The Difference Between Transfer of Ownership and Leasing]

Date: 2026/02/14
Views: 0

Question: A disabled woman owns a plot of land, and she has a granddaughter who is compassionate toward her—serving her needs, cleanliness, and provisions, hardly ever leaving her. The woman summoned a scribe and witnesses and testified before them that she had transferred ownership of her specified land to that granddaughter who serves her, in exchange for her past service and for what she will continue to render until the woman dies—even if only an hour of life remained. The granddaughter was made to hear this and she accepted—even if her grandmother’s life were to reach its utmost length, the granddaughter is content to serve her as long as life lasts. The grandmother is likewise content to give her granddaughter this, as recompense for what has passed and for what is to come. Is this transfer of ownership valid or not?

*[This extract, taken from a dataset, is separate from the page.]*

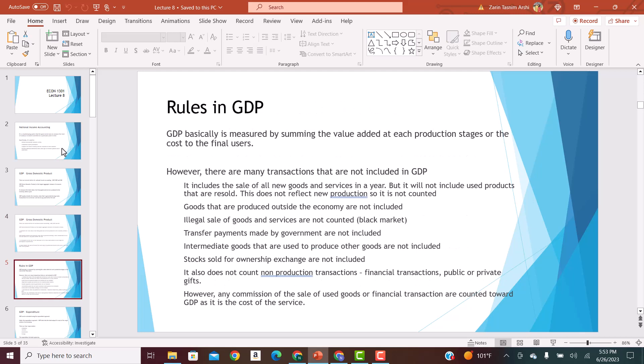There are certain rules in GDP. GDP is measured by summing the value added at each stage of production, but there are several transactions not included. First, it includes the sale of all new goods and services in a year, but it does not include the sale of used products or products that are resold, because these items have been sold once and accounted for. For instance, if you're selling your used car to your friend, that will not be recorded under GDP.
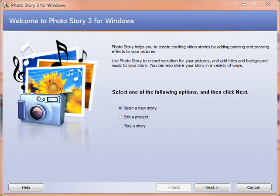In this tutorial, I'll show you how to make a video using Photo Story 3 for Windows. This is a free download. Just go to the web and search for Photo Story 3 and you can download it from Microsoft.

Answer: What appears from the question is that the transfer of ownership from the grandmother to her granddaughter is a recompense, not a lease. The granddaughter, as it seems, had been serving her grandmother without compensation and did not demand wages from her; rather, the grandmother wished to give of her own accord without the granddaughter requesting it. On that basis, the transfer issued from a willing soul, without intending thereby to procure any particular work—known or unknown—and what is of this nature is not vitiated. The muftī and the judge must therefore distinguish this from leasing (hire).
As for the case where a woman or man is disabled yet has wealth and no one to serve them, and they hire someone to serve them until they die, in exchange for a specified plot of land, or an apartment unit, or a specified sum of money, with a written contract attested by witnesses; then the woman or man lives for as long as Allah wills and dies, and the heirs come to dispute with the hireling: the judge does not rule the hiring valid; rather, he rules it invalid. With its invalidity, the hireling is entitled only to the customary equivalent wage (ujrat al-mithl) as assessed by two just persons.
However, if none of the heirs dispute the hireling and he has already taken possession of the land, the apartment, or the money, then it is lawfully his and no sin or liability attaches to him on that account. In a void (invalid) contract, the wage is owned upon receipt, though it remains liable to rescission upon dispute and litigation. Likewise in a void sale, the sold item is owned by taking possession. As for a valid lease and a valid sale, the wage and the sold item are owned by the contract itself.